What does this mean? Well, for one, my AEDs (anti-epileptic drugs) will only actually stop the epileptic fits. Hence my talking to the epilepsy nurse about lowering the amount I take, as the only way to tell if I’m taking more than I need is to reduce my prescription and see how it goes. Fortunately I appear to be in a position where any bad reactions (such as more seizures) will just be an inconvenience and not serious. Wow, I never thought I’d be glad to be unemployed. (Though I would be on maternity leave right now even if I wasn’t.)

Ultimately, no one is entirely sure what causes dissociative seizures, though often trauma in childhood can be a factor. Things like abuse or neglect have apparently shown a correlation, though fortunately neither of these apply to myself. “Trauma” of course covers a wide scope, including the pysical kind such as major accidents, so it’s possible that some sort of trauma, be it psychological or physical, has caused me to have these. Not knowing for certain, I prefer not to jump onto that bandwagon of speculation. I do know that stress tends to bring my seizures on, which is possibly why working full time has become a problem for me. Having two young children doesn’t bring them on as often as you would expect though, so who knows. I’d love to have more EEGs (despite the fact that the electrodes are stuck to your head with a waxy paste which takes ages to wash out of your hair), and try to sort out what’s what, but unfortunately, they’re rather expensive, and who knows how long I’d have to be plumbed in before they had a record of every seizure type I’ve experienced to analyse. It’s just not going to happen, and I’m lucky to have had as good an amount of medical attention as I have.
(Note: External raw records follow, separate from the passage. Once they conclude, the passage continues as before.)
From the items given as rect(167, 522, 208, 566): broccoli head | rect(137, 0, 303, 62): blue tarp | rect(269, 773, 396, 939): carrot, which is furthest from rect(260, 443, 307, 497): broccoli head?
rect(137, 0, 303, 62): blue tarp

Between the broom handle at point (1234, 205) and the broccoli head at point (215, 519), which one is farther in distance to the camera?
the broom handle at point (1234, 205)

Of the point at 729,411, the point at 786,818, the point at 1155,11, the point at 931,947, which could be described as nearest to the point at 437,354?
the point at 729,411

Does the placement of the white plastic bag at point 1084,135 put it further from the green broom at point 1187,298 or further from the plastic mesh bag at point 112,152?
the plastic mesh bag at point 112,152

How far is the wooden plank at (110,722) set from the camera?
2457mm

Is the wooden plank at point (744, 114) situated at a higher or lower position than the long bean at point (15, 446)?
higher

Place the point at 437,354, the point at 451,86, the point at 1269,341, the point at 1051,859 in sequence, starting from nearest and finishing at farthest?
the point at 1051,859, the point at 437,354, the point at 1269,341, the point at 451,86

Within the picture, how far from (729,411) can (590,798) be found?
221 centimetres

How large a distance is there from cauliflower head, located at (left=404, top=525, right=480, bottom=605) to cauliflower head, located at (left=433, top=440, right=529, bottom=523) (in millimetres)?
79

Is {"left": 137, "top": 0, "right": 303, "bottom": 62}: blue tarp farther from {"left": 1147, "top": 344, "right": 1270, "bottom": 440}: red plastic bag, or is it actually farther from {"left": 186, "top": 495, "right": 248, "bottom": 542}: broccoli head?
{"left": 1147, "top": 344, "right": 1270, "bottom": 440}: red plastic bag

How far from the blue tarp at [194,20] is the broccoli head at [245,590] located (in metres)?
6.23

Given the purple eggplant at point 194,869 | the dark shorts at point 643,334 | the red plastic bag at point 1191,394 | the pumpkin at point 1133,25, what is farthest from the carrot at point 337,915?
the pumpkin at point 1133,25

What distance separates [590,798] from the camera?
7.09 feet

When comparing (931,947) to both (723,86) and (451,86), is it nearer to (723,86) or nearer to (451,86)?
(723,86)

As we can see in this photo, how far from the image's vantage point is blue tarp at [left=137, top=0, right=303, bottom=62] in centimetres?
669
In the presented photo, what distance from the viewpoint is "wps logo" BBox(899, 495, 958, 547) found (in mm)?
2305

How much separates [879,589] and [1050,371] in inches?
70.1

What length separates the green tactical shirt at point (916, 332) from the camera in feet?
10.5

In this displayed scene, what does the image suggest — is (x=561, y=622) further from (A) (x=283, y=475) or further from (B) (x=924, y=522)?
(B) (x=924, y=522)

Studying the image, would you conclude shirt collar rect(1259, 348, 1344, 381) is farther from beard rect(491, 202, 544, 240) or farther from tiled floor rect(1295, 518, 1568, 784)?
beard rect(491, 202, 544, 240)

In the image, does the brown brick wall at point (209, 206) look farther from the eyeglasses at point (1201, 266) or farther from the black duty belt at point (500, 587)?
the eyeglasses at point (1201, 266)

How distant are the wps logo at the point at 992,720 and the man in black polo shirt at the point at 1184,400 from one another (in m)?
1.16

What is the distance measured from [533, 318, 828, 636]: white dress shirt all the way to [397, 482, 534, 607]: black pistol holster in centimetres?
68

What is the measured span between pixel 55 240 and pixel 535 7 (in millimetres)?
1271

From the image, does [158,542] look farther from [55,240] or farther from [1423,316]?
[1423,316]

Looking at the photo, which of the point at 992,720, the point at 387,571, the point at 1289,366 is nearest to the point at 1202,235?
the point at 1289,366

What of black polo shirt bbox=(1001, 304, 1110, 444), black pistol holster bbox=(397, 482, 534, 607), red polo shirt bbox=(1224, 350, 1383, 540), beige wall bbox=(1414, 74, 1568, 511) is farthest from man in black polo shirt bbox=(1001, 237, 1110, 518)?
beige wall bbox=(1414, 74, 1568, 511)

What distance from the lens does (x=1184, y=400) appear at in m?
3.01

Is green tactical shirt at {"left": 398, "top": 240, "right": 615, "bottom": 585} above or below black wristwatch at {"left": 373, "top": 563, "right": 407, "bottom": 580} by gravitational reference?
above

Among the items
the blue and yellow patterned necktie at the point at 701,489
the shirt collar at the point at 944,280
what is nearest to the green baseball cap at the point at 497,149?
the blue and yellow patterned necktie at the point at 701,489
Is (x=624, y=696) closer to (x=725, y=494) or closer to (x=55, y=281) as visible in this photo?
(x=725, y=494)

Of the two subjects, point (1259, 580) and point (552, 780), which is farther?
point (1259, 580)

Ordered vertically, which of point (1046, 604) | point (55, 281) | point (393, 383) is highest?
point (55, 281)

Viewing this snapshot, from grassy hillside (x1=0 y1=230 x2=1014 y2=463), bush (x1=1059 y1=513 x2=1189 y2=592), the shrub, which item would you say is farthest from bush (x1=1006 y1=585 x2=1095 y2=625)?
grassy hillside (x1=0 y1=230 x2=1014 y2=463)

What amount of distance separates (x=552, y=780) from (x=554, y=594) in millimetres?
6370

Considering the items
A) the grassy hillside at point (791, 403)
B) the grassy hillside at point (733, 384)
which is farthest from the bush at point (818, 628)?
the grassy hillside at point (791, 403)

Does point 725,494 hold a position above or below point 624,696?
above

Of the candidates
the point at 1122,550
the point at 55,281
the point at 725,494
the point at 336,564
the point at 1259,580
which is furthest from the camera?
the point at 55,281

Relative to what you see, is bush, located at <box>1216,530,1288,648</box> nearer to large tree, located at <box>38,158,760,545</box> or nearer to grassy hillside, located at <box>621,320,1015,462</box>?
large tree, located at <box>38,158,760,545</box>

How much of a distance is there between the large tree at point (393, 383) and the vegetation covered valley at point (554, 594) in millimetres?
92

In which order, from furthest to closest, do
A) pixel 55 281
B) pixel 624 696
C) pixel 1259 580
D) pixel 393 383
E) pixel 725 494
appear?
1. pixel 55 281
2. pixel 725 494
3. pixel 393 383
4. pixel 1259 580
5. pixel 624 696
Since I started having seizures (I’m not entirely sure when that was; in hindsight I may have been ignoring what were actually partial seizures for years), they have generally manifested themselves in one of three ways (as there are over 40 types of epilepsy, that isn’t as large a variety as you might think). First, there are the aforementioned myoclonic jerks, my “twitches”. These are the ones which the EEG picked up associated brain activity for. Then I have fairly brief (as in, up to a few minutes), convulsive seizures, where movement usually focues in my left hand and/or right leg, and I do occasionally thrash around a bit. These could be either; the rhythmic motions my hand and leg make could well be part of a complex partial seizure (one where only part of the brain is having unusual electrical activity), or they could not. The third type are my longest seizures (and the most likely to be dissociative), which have gone on for up to and over an hour before now. They involve long periods of stillness (where I appear to be asleep) mixed with convulsive bursts. I’ve injured myself a good few times having the latter two of these types, mostly through hitting my head or a limb, but occasionally from scratching my own face. In my seizure today I began fiercely rubbing my eye, enough to make it quite sore.

Only on a very few occasions have I come close to losing consciousness during a seizure (as my awareness is so impaired I can never really tell whether I have or not), which of course makes my seizures harder to explain to those who know only the stereotypes. I have also had to explain to kind but misguided people before now that no, flashing lights/computer games don’t bother me, and it’s actually quite a small proportion of people with epilepsy who are affected in this way. For a relatively common condition, there is a huge lack of awareness out there about just what epilepsy is.